I bought one. Upgraded to 256K which was good enough to run Lotus 123 on a RAM Disk and later added a hard drive. Lotus 123 was lightning fast. This was a time when applications were optimized for size and speed.
My first computer was a Tandy, not a TRS80, it was after that, I don’t remember the model #. It had the keyboard and processor as one unit and had an 8088 processor with a Turbo button that would allow you to run at 7 MHZ, wow, what a screamer. It had 16 colors as opposed to the PCs 4 colors and had a built in sound card with volume control on the keyboard. It also had one of the new 3.5 floppys AND a 5.25 also. I learned how to program on it and eventually I got a job teaching networking to people, both Novel and MS. I remember my first big hard drive, it came on my brand new 386, 25 MHZ screamer, and was 80 MB. I remember thinking I would never run out of disk space.

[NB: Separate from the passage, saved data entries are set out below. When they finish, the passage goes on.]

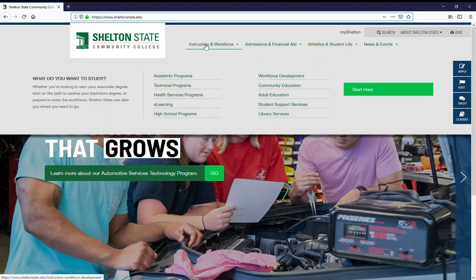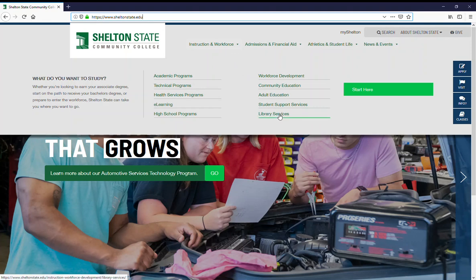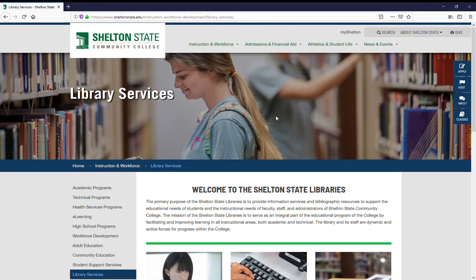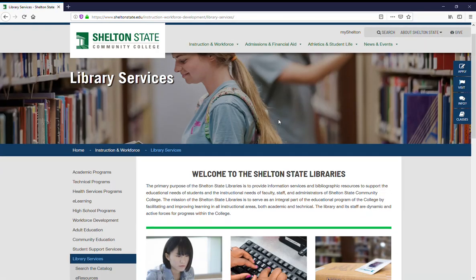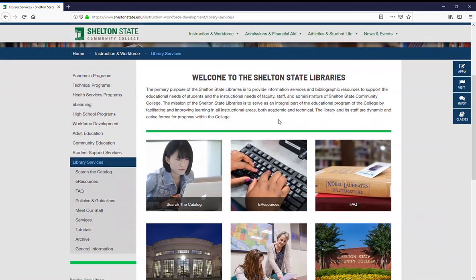Then you'll mouse over Instruction and Workforce in this top menu and select the last option, which is Library Services. That will take you to the library web page.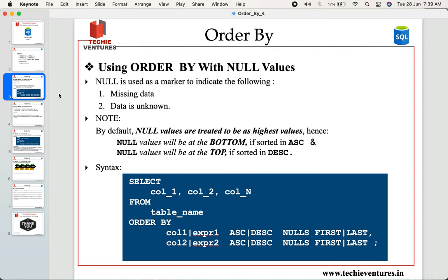Whenever you see any column or any row marked with NULL values, you must understand that this represents missing data or data that is unknown. Whenever we are trying to sort a particular table based on a column containing NULL values, SQL will always treat the NULL values as the highest value in that particular column. That is why NULL values will always be placed at the bottom whenever data is sorted in ascending order.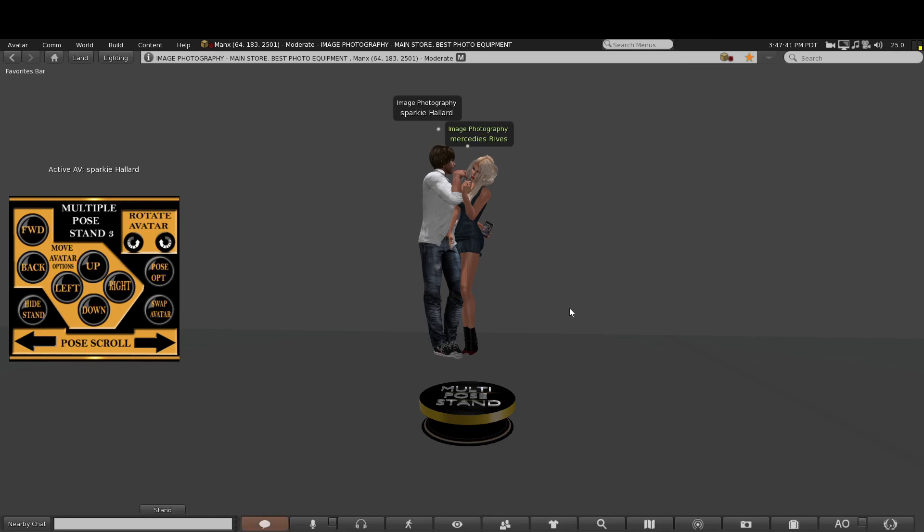So feel free to drop by the store in-world. And that's all, guys. Thank you very much.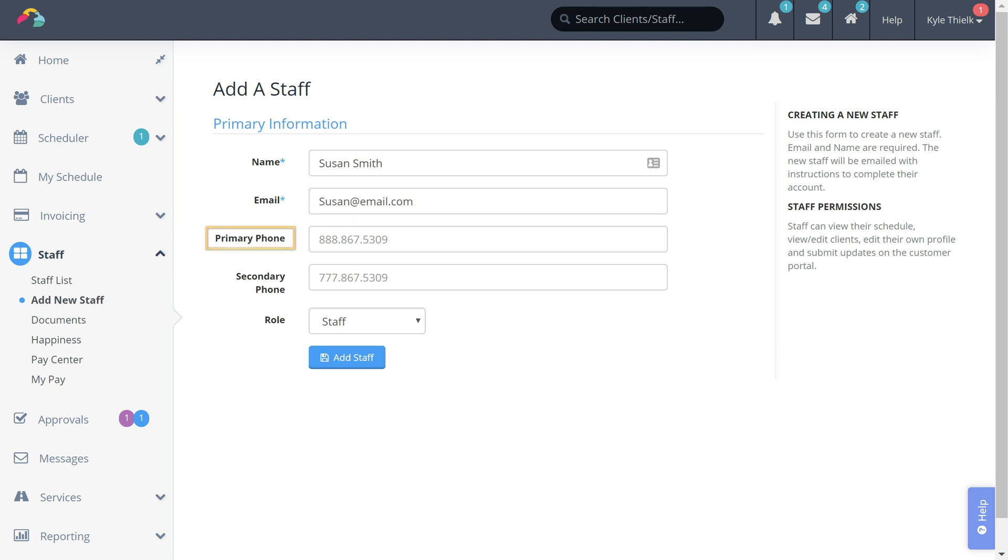You can also add the staff member's phone number or you can allow your staff members to complete the rest of their information after they activate their staff account.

I think the first real “personal computer” was the IBM 5100, which ran BASIC and APL out of ROM. The machines based on the 8088 were simply more affordable.
My first PC was a PC/XT clone from Taiwan I called a “Chingao.”
(My first computer of any kind was an MP-68 kit from Southwest Technical Products, which I built in 1976.)
The “370” series PCs were interesting. They executed the IBM System/370 instruction set (partly by emulation). The CPU was designed by Motorola based on the MC68000, retargeted to the S/370 instruction set. Motorola’s internal name for the chip set was “Cascadilla.”